Reitora da Universidade Estadual da Região Tocantina do Maranhão (Uemasul), Elizabeth Fernandes, 48 anos, teve a agenda cancelada. Ela saiu de Florianópolis para Imperatriz (MA) e também teve que parar em Brasília na sexta-feira. Ela conta que passou seis horas na fila para conseguir hospedagem pela companhia. Ontem, conseguiu embarcar, mas também passará por São Paulo antes de seguir ao destino final. Ela reclamou do sistema de remarcação. “Não teve informação. Passei 45 minutos no telefone e liguei cinco vezes antes de vir para cá para tentar confirmar se ia ter mesmo o voo. Vim direto porque não consegui contato.”
Em nota, as empresas aéreas informaram que os passageiros poderão alterar os voos sem a cobrança de taxa de remarcação e das diferenças tarifárias da passagem para nova data, sem multas, de acordo com a disponibilidade. Sobre os impactos da greve dos caminhoneiros nas refinarias, em nota, a Petrobras informou que todas as unidades estão em operação. Onde há bloqueio nas vias de acesso, a empresa está buscando apoio das autoridades para que sejam tomadas medidas que garantam a circulação, priorizando os serviços essenciais. O apoio recebido das forças de segurança tem se configurado essencial para o esforço necessário neste momento.
Locaute difícil de provar
O transporte rodoviário de cargas no Brasil é tão pulverizado que a tentativa do governo de ligar a greve dos caminhoneiros a um locaute por parte de empresas tem pouca chance de ser eficaz, segundo consultores e advogados. De acordo com a Confederação Nacional dos Transportes (CNT), o país tem 111,7 mil empresas no ramo, que são donas de 1,1 milhão de caminhões, reboques e utilitários leves. Isso significa que, em média, cada companhia tem 9,7 veículos.

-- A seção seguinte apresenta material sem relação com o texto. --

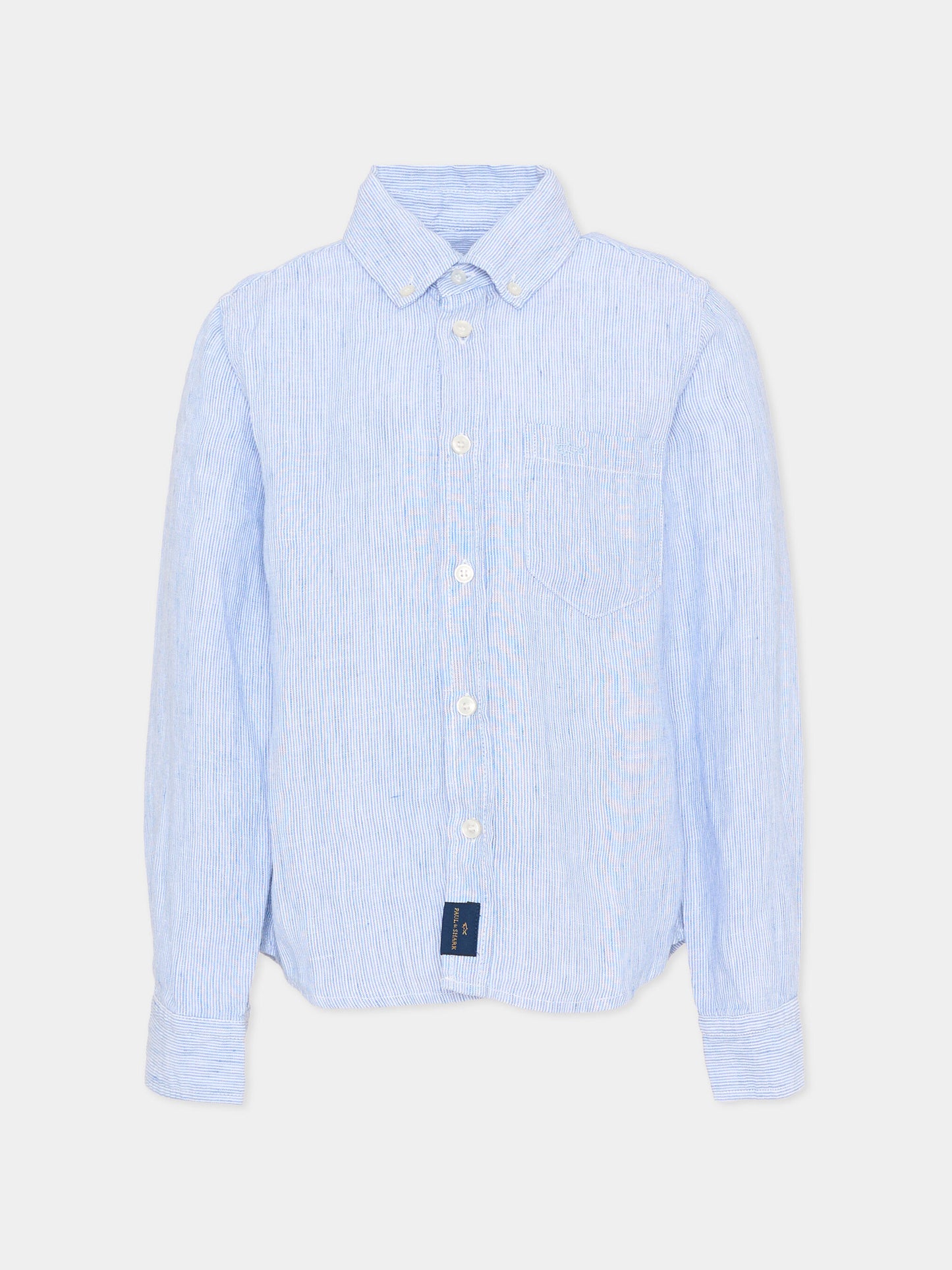 Camicia azzurra in lino per bambino,Paul & Shark Junior,WUC000 LUE02 80213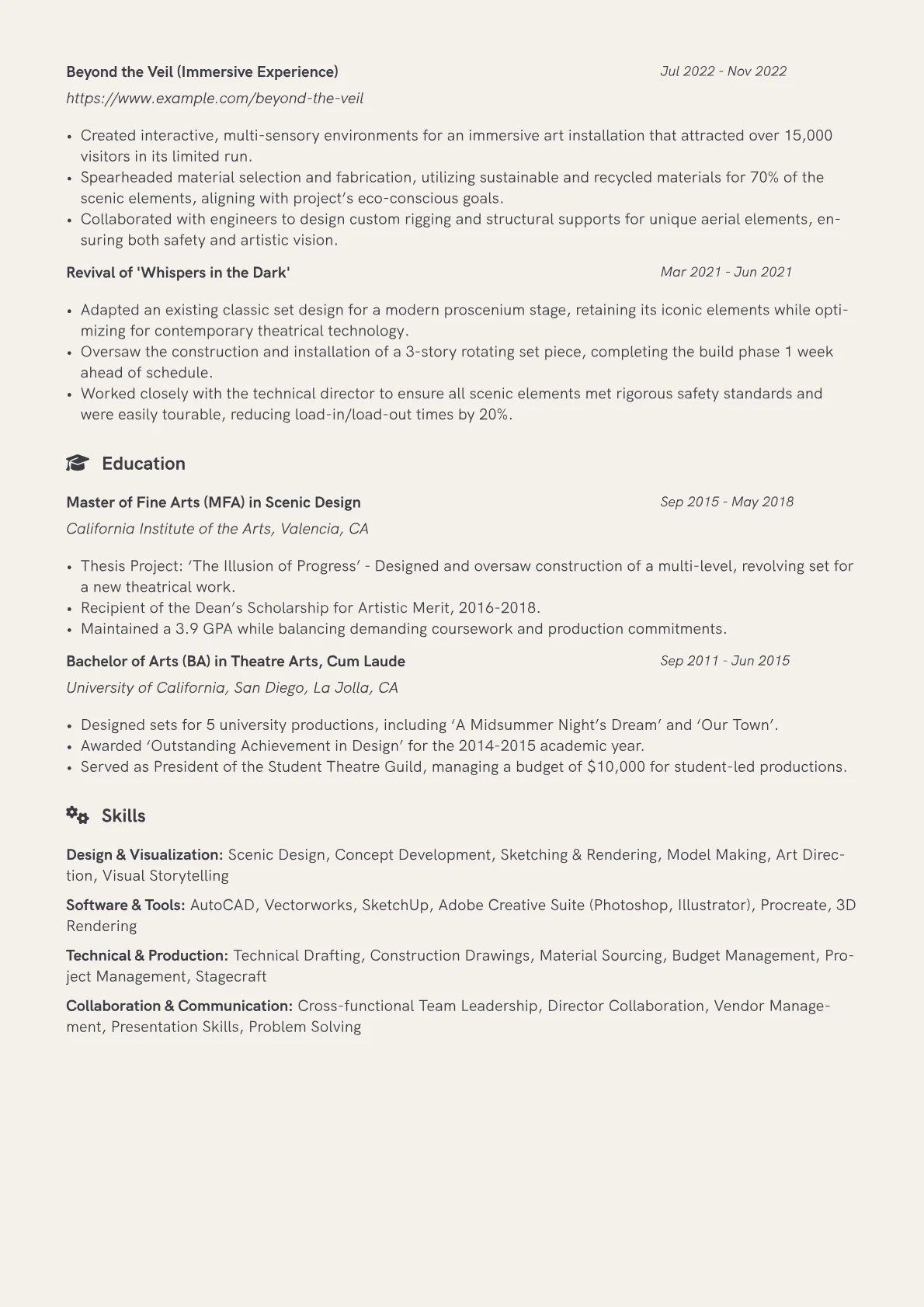 Scenic Designer Resume Example CV template - Page 2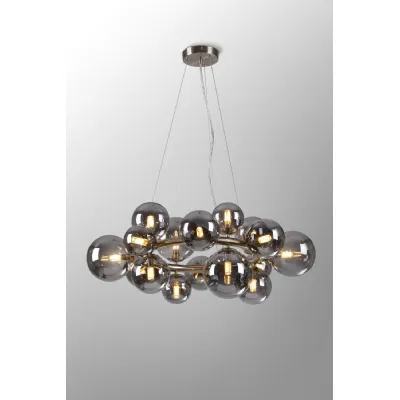 Tenterden Circular Pendant, 16 x G9, Satin Nickel, Smoke Plated Glass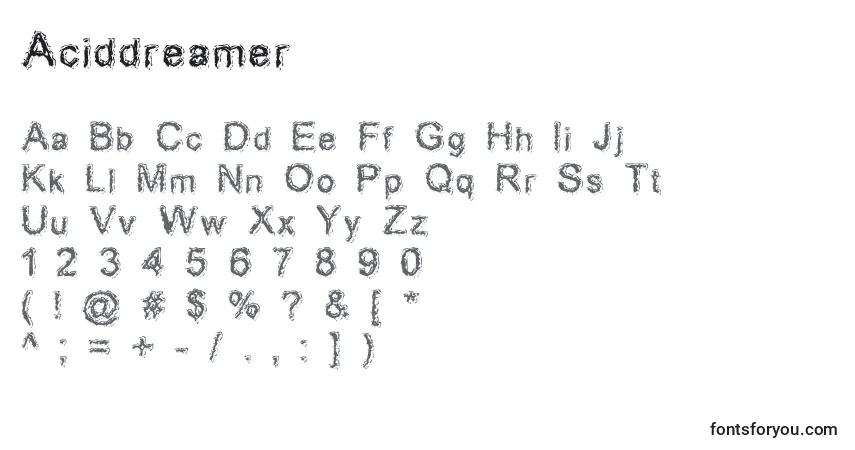 Schriftart Aciddreamer – Alphabet, Zahlen, spezielle Symbole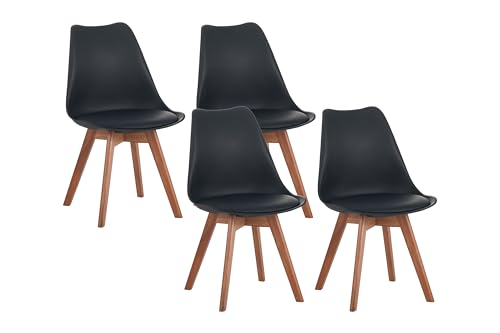 SAM 4er Set Esszimmerstuhl Lovelace | Farbe: Schwarz | Sitzschale Kunststoff & Sitzpolster Kunstleder | Stuhlbeine Massivholz Akazienfarben | 49 x 54 x 82 cm | Schalenstuhl skandinavischer Stil von SAM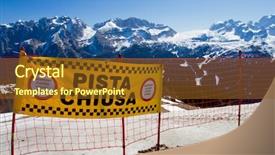  Presentation with ski - Beautiful theme featuring ski slope in the dolomites mountain closed ski run backdrop and a tawny brown colored foreground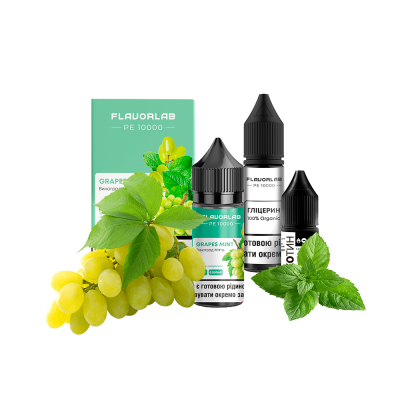 Набір для самозамішування Flavorlab PE 10000 Grape Mint (Виноград м'ята, 50 мг, 30 мл)
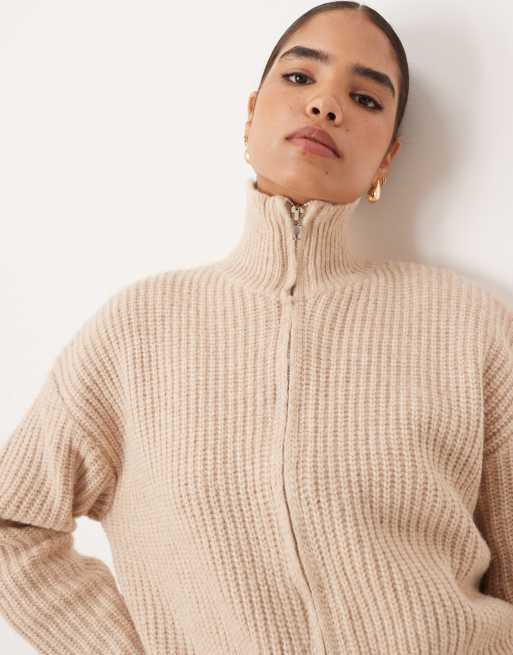 SNDYS knitted funnel neck double zip jumper in beige, 2 of 4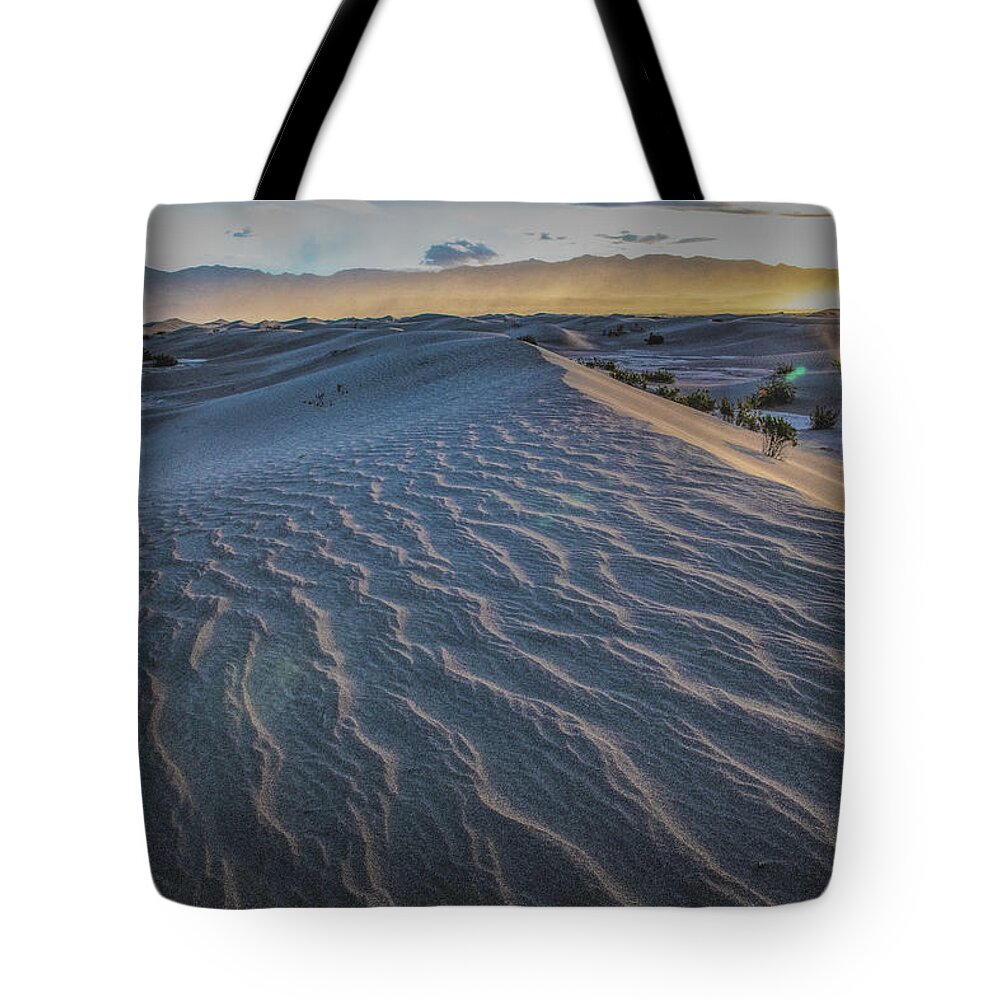 Death Valley National Park Tote Bag featuring the photograph Mesquite Dunes Death Valley Sunrise by Patricia Dennis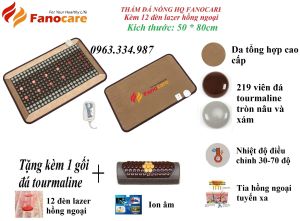 Thảm/Nệm đá nhiệt nóng Fanocare KT 50x80cm (Thảm đắp)kết hợp hồng ngoại laze (Tặng 1 gối đá quý tourmaline)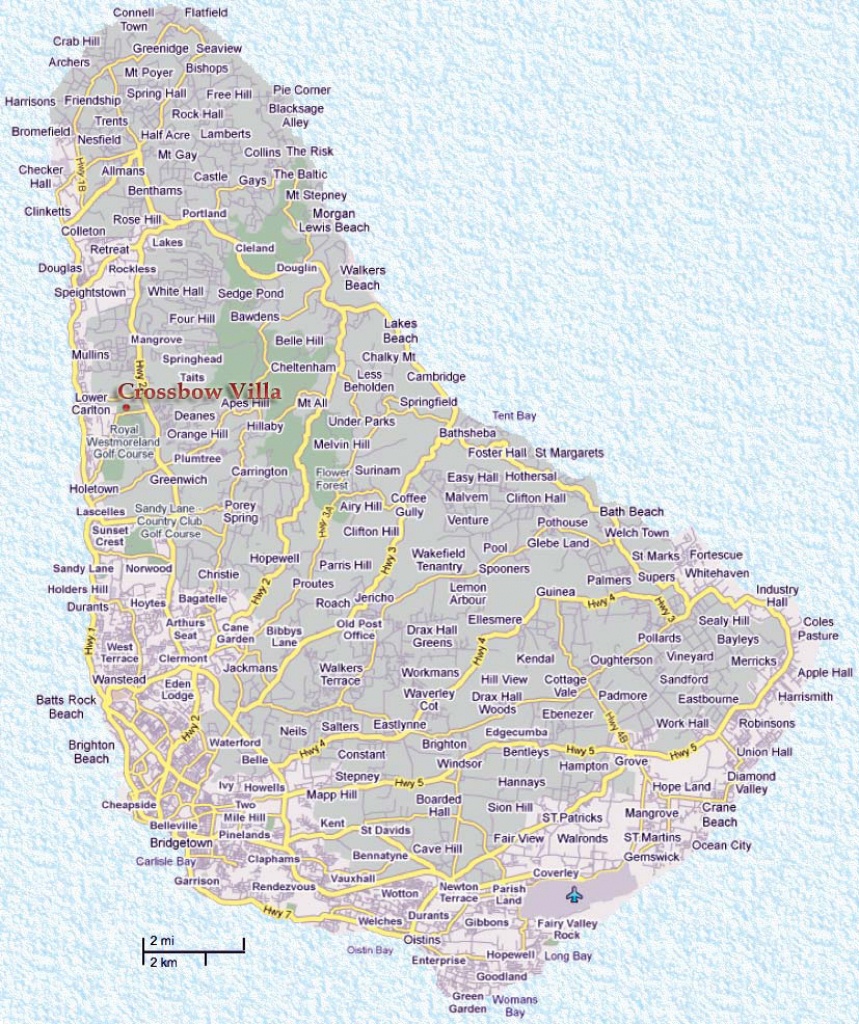 Detailed Road Map Of Barbados. Barbados Detailed Road Map | Vidiani - Printable Map Of Barbados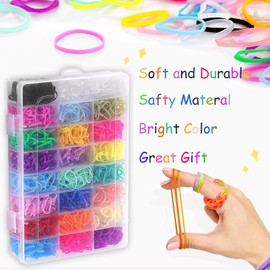 Elastic Hair Bands 24 Colors, 2000 Pcs Colorful Hair Rubber Bands for Hair with 4 Hair Braiding Tool, Small Hair Ties Mini Hair Bands With Organizer Box, Hair Accessories for Girls Toddlers Kid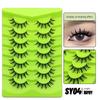7 пар 3D Натуральный вид Аниме Накладные ресницы Перекрестные Пушистые Накладные ресницы Мягкие норковые ресницы Красота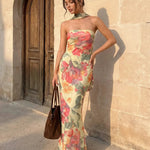 Elegant Yellow Floral Chiffon Slim Fit Neck Scarf Maxi Dress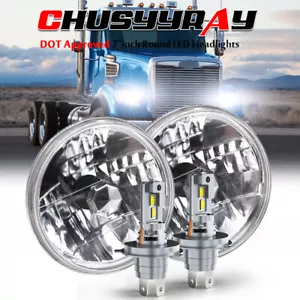 Pair 7 inch Round LED Headlights HI-Lo Beam for Freightliner Coronado 2001-2016 - Foto 1 di 16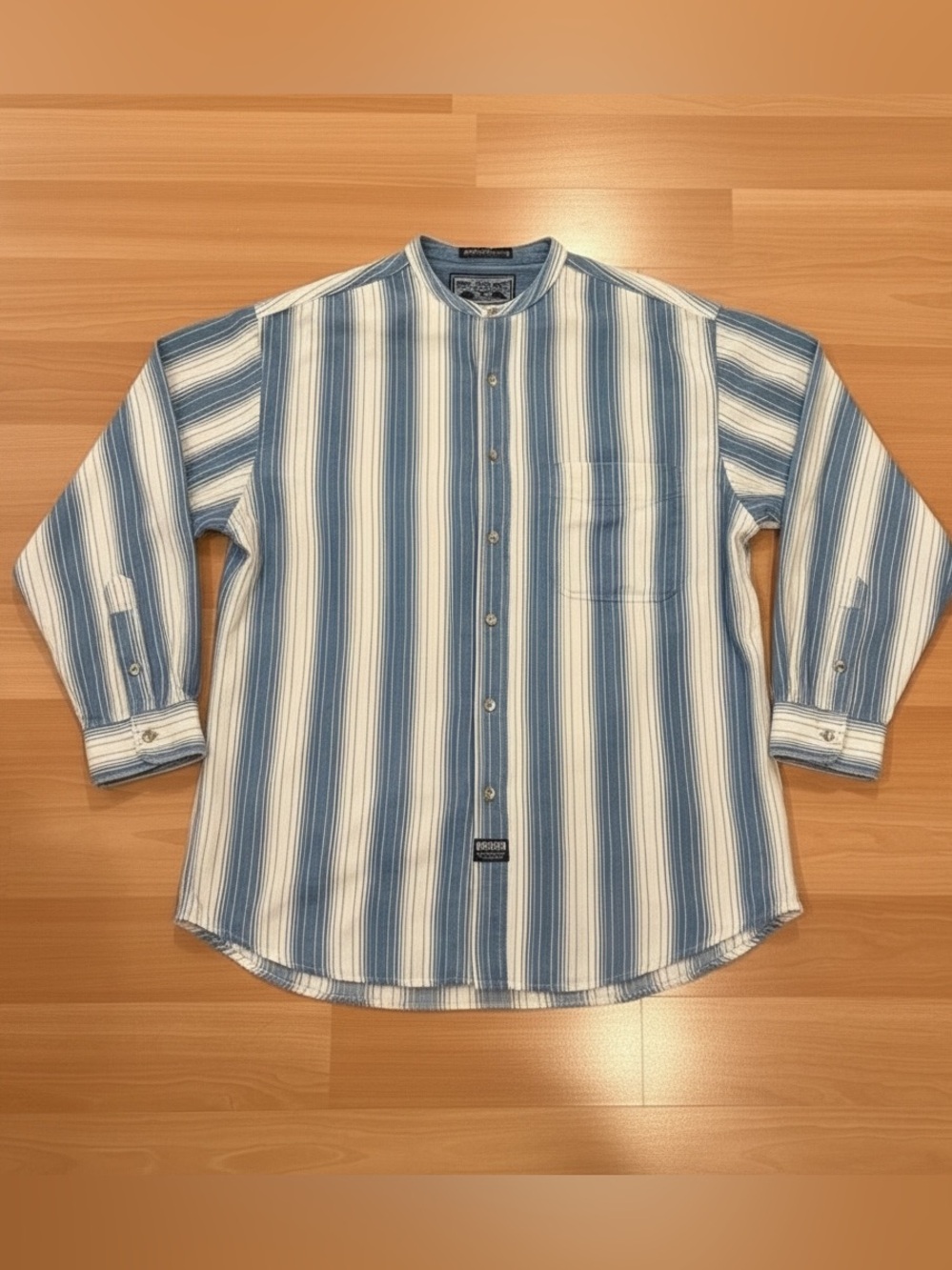 Vintage 90s Coliseum Blue White Striped Cotton Band Collar Shirt Mens Large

O locaute se configura quando um grupo de empresas “trava” a economia como um todo para obter vantagens para seu setor de atividade. Caso o governo utilizasse a tese em um setor concentrado, a chance de êxito seria maior. No entanto, segundo fontes do setor, essa realidade não se aplica ao transporte rodoviário de cargas.
As 10 maiores frotas de veículos do país somam hoje cerca de 30 mil veículos. Ou seja: caso todo esse contingente sofresse punição, 97% dos caminhões detidos por empresas poderiam continuar a obstruir estradas. A líder isolada em transporte rodoviário é a JSL, que tem ações em Bolsa e hoje contabiliza 9,6 mil veículos (ou seja, sua fatia dos veículos corporativos é inferior a 1%).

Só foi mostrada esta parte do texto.